We scrutinised published judgments, looking for mention of any analysis of the risk that the proposed support would amount to substituted parenting, and any options considered to address/reduce/eliminate that risk. We couldn’t find that either.
This project started 1st November 2021 and runs until April 2023. The timing couldn’t be better for us as the President of the Family Division, Sir Andrew McFarlane, has just released his report on the need for greater transparency in the Family Court: Confidence and Confidentiality: Transparency in the Family Courts and has confirmed that transparency will be a key priority for him over the next three years:
‘… it is legitimate for the public to know of these judgments [family court cases], to provide a basis for trust in the soundness of the court’s approach and its decisions, or to establish a ground for concern in that regard.’

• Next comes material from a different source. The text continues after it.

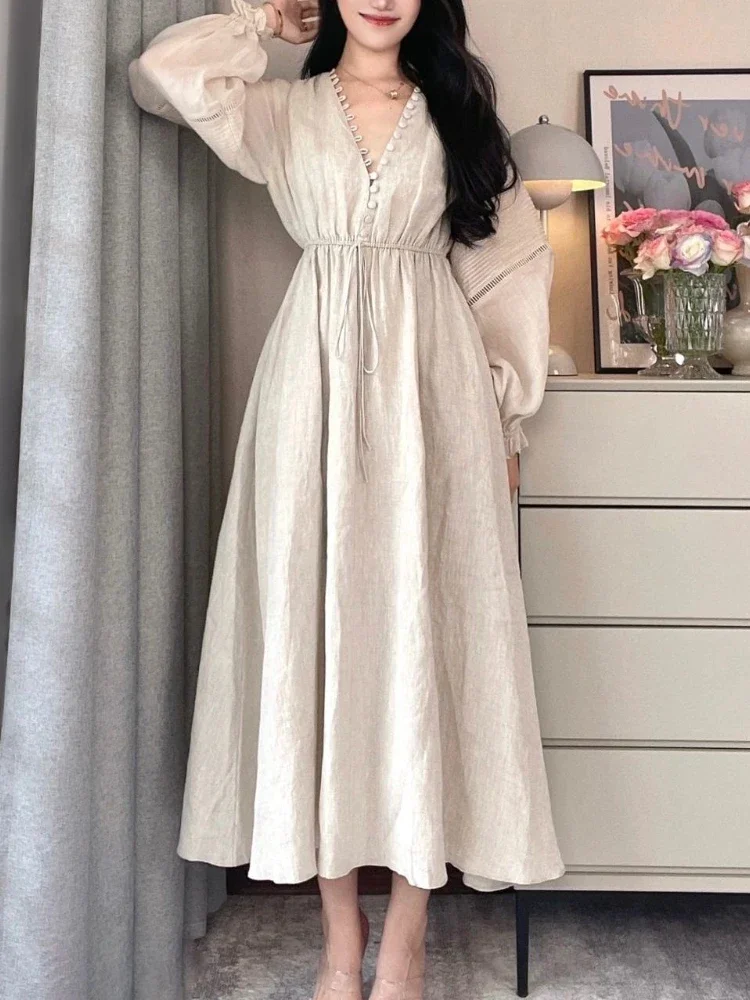 

Dresses V-neck Long Sleeved Lantern Sleeves with Drawstring At The Waist Hollowed Out White Dress Slim Solid Color Long Dress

’It is the case that the Family Court is currently not sufficiently transparent even to those, in particular the judges and the social work professionals, who are working within it. Educational opportunities are thereby being missed.’
Since the family courts are not open to the public, we depend on published judgments for finding out how care proceedings involving parents with learning disabilities are in fact being dealt with. Any move towards greater transparency, in terms of the number of judgments published and the level of information contained within them, can only lead to better and more consistent practices and thereby improved confidence in the fairness of the family justice system.
We very much look forward to speaking with the social workers, lawyers and judges involved in working with parents with learning disabilities in the care proceedings context. We look forward to being able to highlight good practices found in the course of the study and to establishing consensus, clarity, and consistency as to the meaning of the term ‘substituted parenting’, and transparency as to its application by the family courts.
We particularly look forward to working with our Advisory Group of parents with learning disabilities. They will help to ensure that the findings of our study can be made widely available to parents with learning disabilities and in such a way that parents will be able to understand what is meant by the risk of support being considered to be ‘substituted parenting’, the significance of such a risk and, most importantly, how to avert that risk, where possible.
Because, in the much-quoted words of Baroness Hale in a landmark adoption case, “nothing else will do”.